最強とチートは似て非ざるものなり。主物質界に生きる者たちの一大群像劇!

主人公は数多ある世界のうち、中世ファンタジー的な世界である主物質界の調整者、或いは創造主の代行者か、その正体は明らかにされてはおりませんが、作中で私はそのように感じました。
(SF的な例えをすれば、三次元世界に対して四、五次元以降の高次元がその存在をやりすぎない程度に支える……映画「インターステラー」的な感じでしょうか)

彼には役割があるのでしょう。恐らく……「他世界の均衡を破るような世界に主物質界をしない調整」
これも明確には語られておりませんが私なりの推論です。

つまり主人公たるレスティーは「お前らの世界なんだからお前らでなんとかしろ。ただし明らかにバランスが崩れるヤバイ出来事に関しては俺が出張る。最低限だけね」というスタンス。

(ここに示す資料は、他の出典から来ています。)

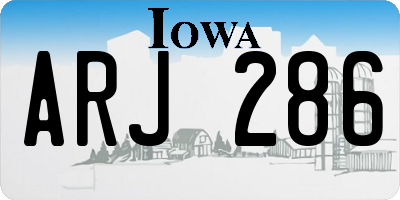 IA license plate ARJ286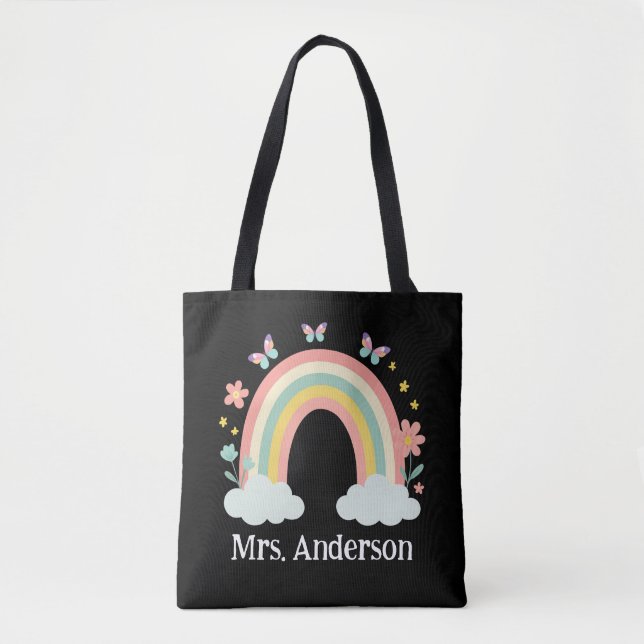 Tote Bag Modern Pastel Rainbow Personalized Teacher Gift (Devant)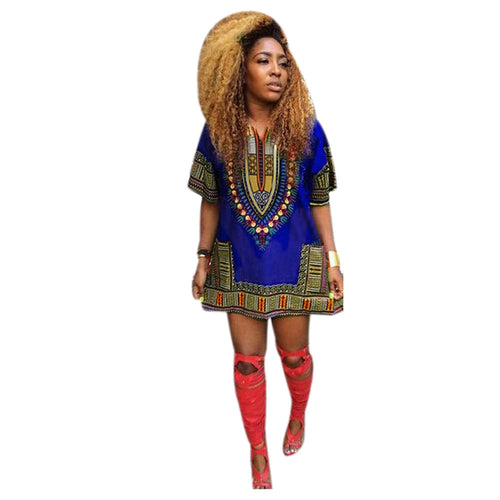 African Traditional Print Women Dress Casual Straight Print Mini Dresses Vestidos femininos IMY66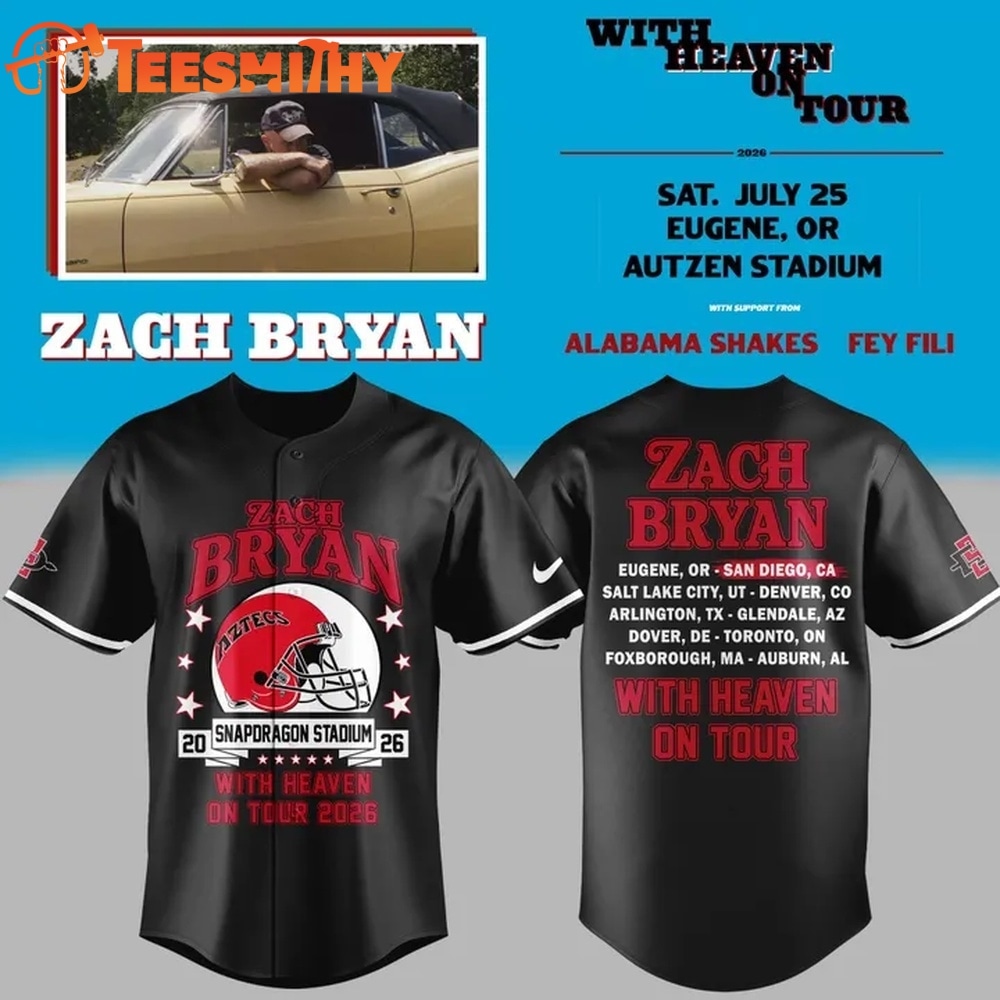 Zach Bryan x San Diego State Football With Heaven On Tour 2026 Black Baseball Jersey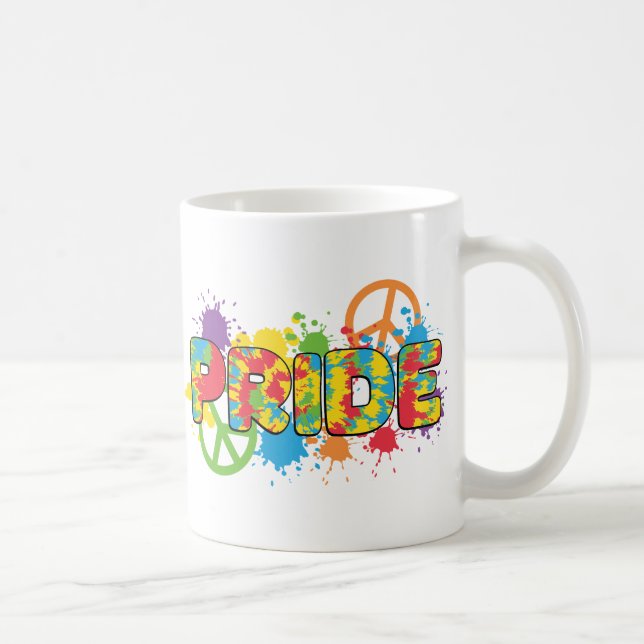 LGBTQ - Pride - Rainbow Colours Paint Splashes Coffee Mug (Right)
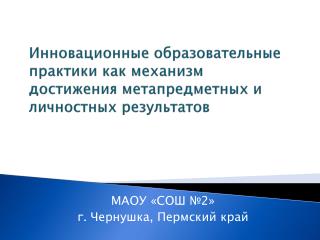 МАОУ «СОШ №2» г. Чернушка, Пермский край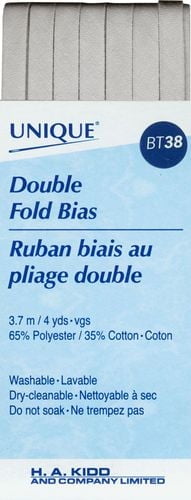 UNIQUE Double‑Fold Bias Tape, 7 mm x 3.7 m, Polyester–Cotton, Silver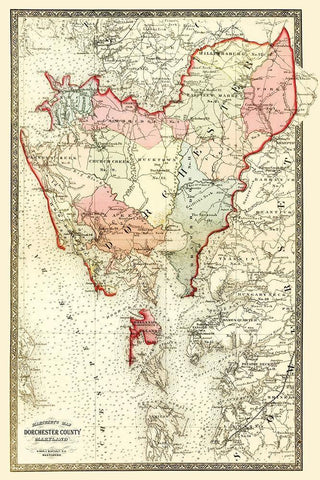 Dorchester Maryland - Martenet 1866 White Modern Wood Framed Art Print with Double Matting by Martenet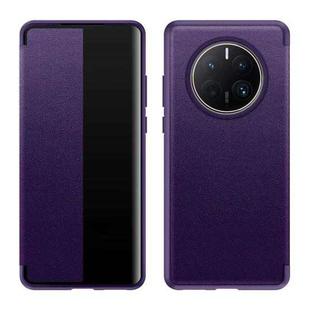 For Huawei Mate 50 Leather + TPU Frame Shockproof Phone Case(Purple)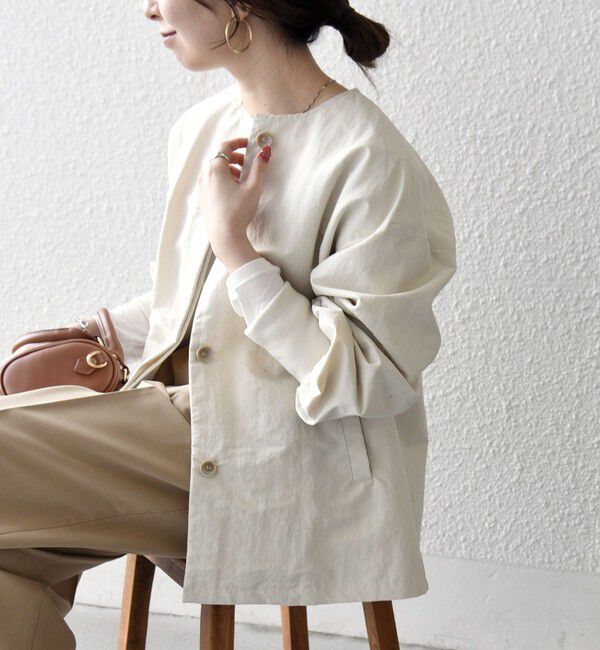 SHIPS any「SHIPS any:〈洗濯機可能〉ナイロン タスラン ノーカラー Aライン ブルゾン」|ブルゾン・スタジャン|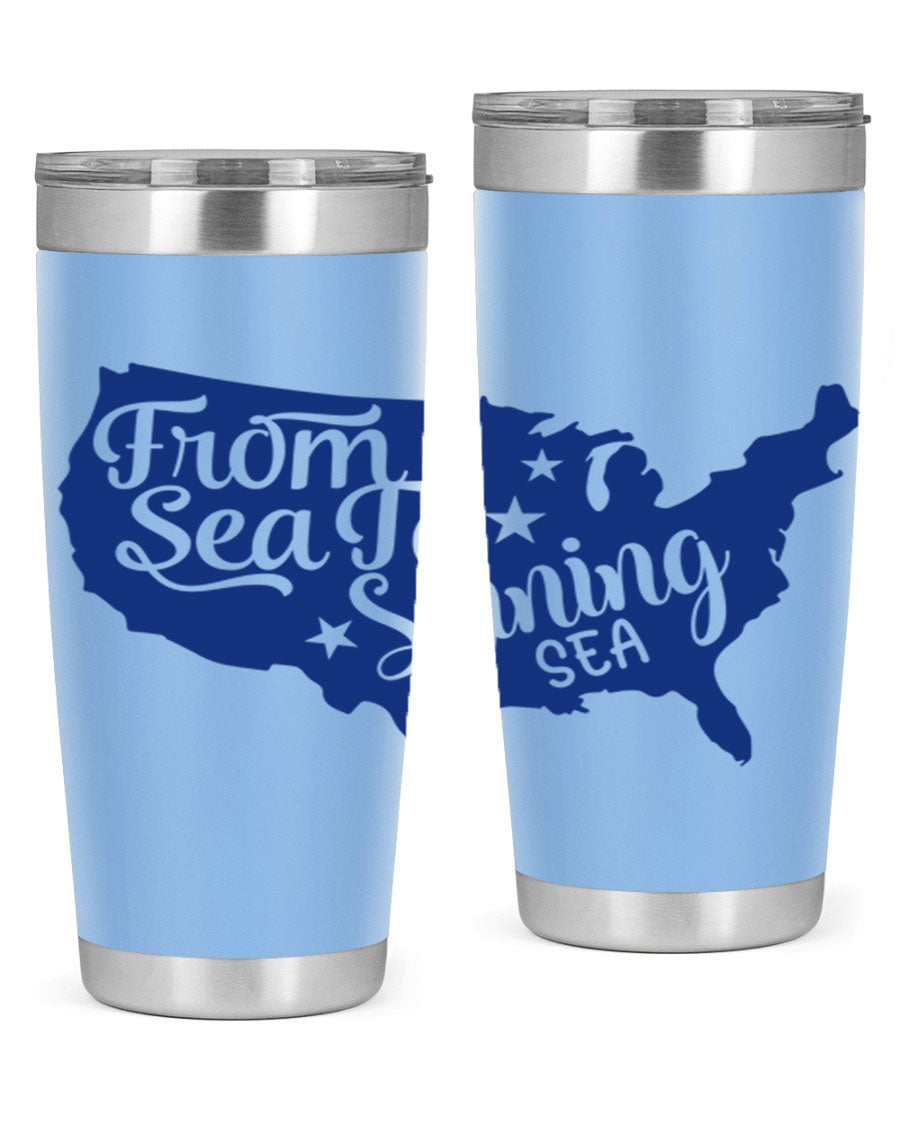 From Sea to Shining Sea Style 52# Tumbler featuring a patriotic design, made from stainless steel with a drink-thru lid.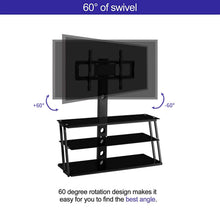 Load image into Gallery viewer, IANIYA Swivel Floor TV Stand with Mount Height Adjustable Bracket Entertainment Stand for 32 to 65 inch Plasma LCD LED or Curved Screen TV 3-Tier Tempered Glass Universal Media Stand Floor tv Stand
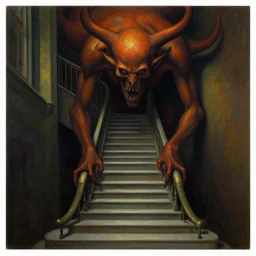 a highly detailed oil painting, a stairway descending into hell, painted by beksinski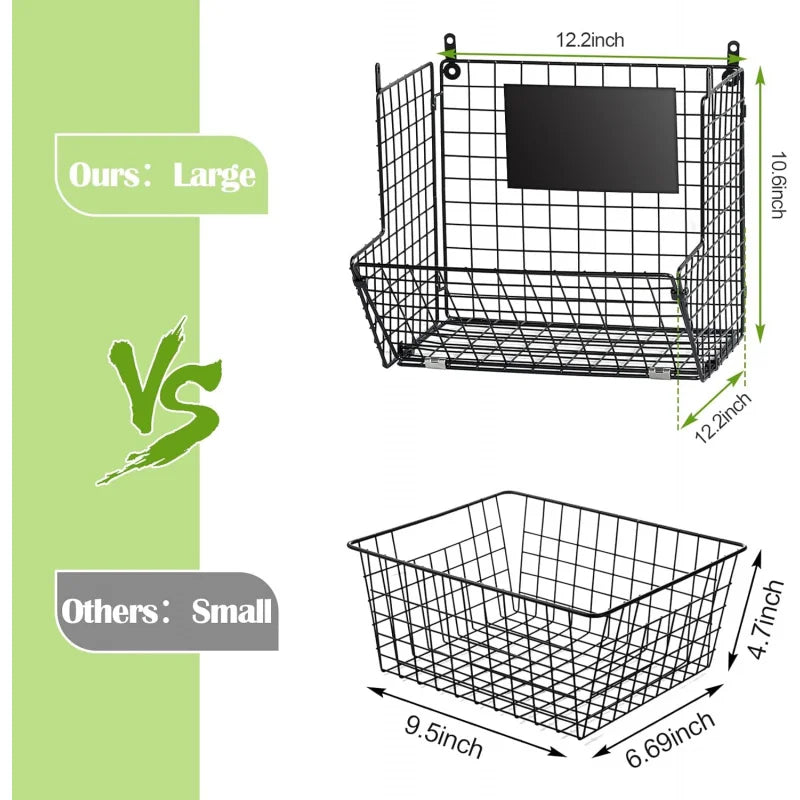 3 Tier Metal Wall Mount Basket W/Hooks & Chalkboards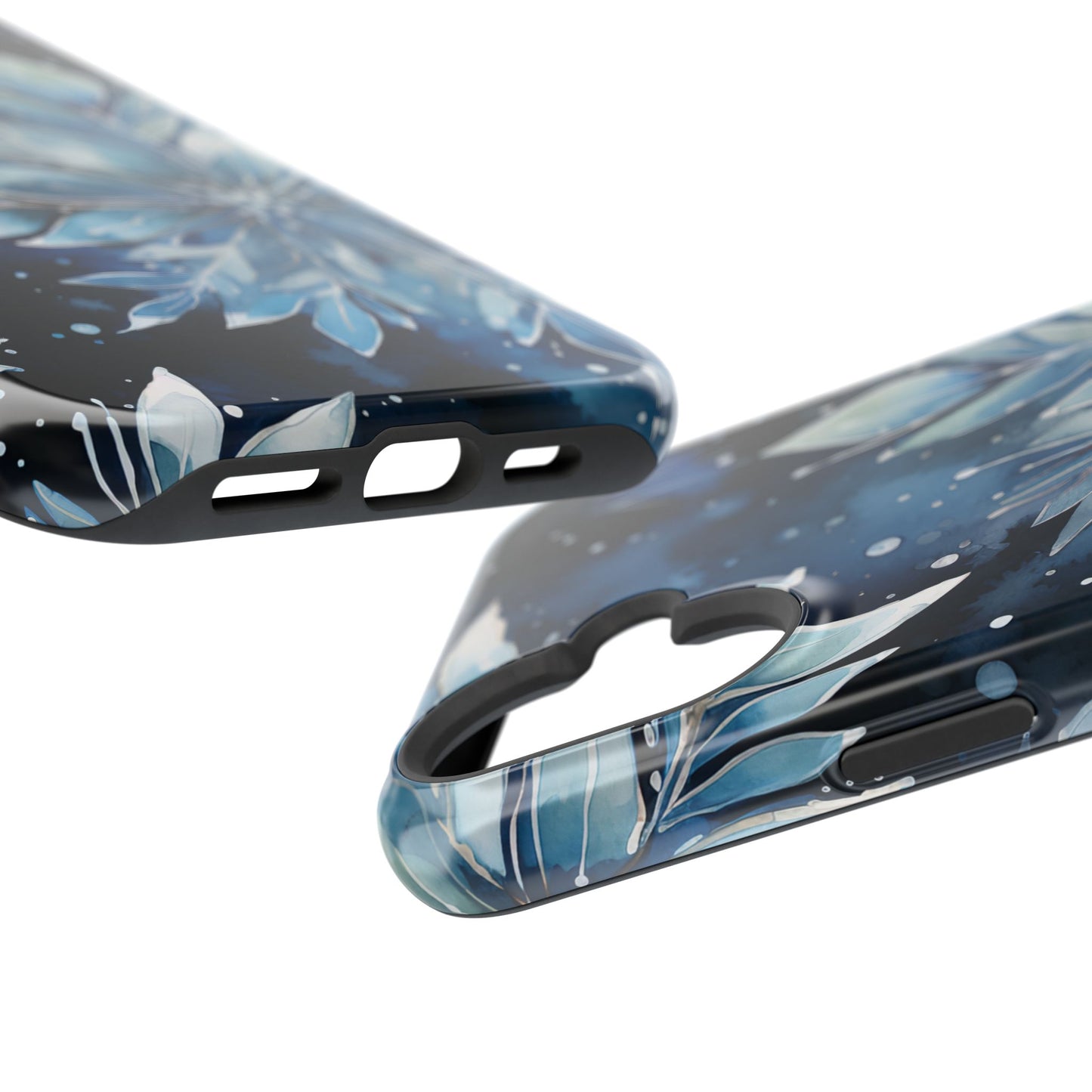 Winter’s Embrace – Blue Snowflake MagSafe iPhone Case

なんですが……だいぶ面倒見が良いですレスティーさん笑

色々と制約があるであろう超越者レスティーさんは作品の主役でありながら、「主物質界の主役は各人族だからな!!」と言いつつ、限定的な状況下では対魔霊鬼用の戦略級アイテムや魔法、技を授けてくれます。

とは言え、介入は最低限。
チート能力やら流行りに迎合した作品で山場も余りなく「この小説何したいの?何を表現したいの?」という作品に辟易した方には、原点的日本ファンタジーのこの作品にどっぷりと浸っていただければと思います。

**ここからは蛇足**

読んでいけば読む力もつきます。
安易な文体、表現ばかり読んでちゃ感性が先細る一方です。限られた分かり易い物ばかりしか楽しめないって、ちょっと虚しくないでしょうか? 偉そうに書いてしまいすいません。しかし、日本語の多彩な表現をせっかく日本人は堪能できる立場に身を置いているのです。

ぜひ、現代の読者には『ファンタジー小説』というジャンルを、更に間口を広げて楽しんでいただきたいものです。

そういう意味でも、この作品は非常におすすめです。作者様も丁寧に改行やルビ振りをしていて、読みやすくしてくれています。ぜひ、ご一読を!